Task directions: Exclude images and print all the records verbatim.

• • • •

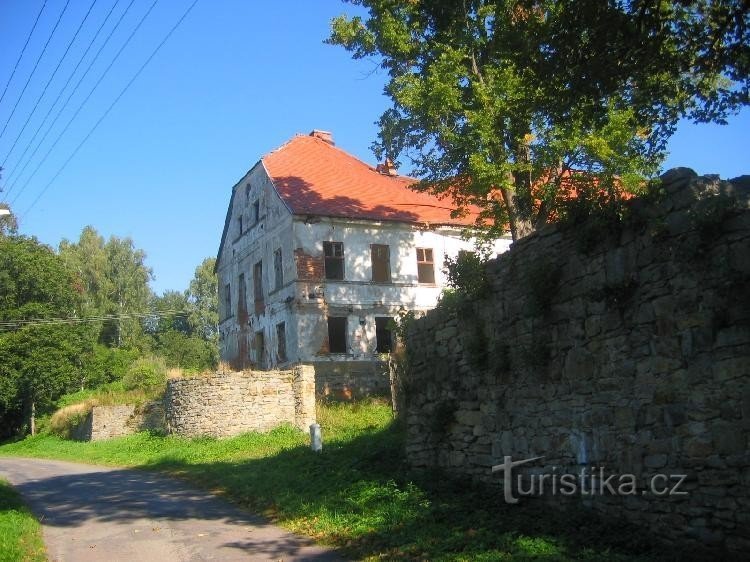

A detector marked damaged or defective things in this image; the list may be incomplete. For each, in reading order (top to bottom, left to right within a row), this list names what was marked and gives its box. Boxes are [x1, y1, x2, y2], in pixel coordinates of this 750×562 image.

broken window [324, 240, 346, 278]
damaged facade [214, 131, 516, 394]
broken window [372, 243, 390, 282]
broken window [418, 246, 434, 282]
broken window [328, 316, 348, 350]
broken window [374, 316, 394, 350]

• • • •

Solution to the problem:
A detector marked damaged or defective things in this image; the list may be incomplete. For each, in reading order (top to bottom, left to right within a row), this list names what was marked and gives its box. Boxes are [x1, y1, x2, y2], in pixel coordinates of this 750×562 image.

broken window [324, 240, 346, 278]
damaged facade [214, 131, 516, 394]
broken window [372, 243, 390, 282]
broken window [418, 246, 434, 282]
broken window [328, 316, 348, 350]
broken window [374, 316, 394, 350]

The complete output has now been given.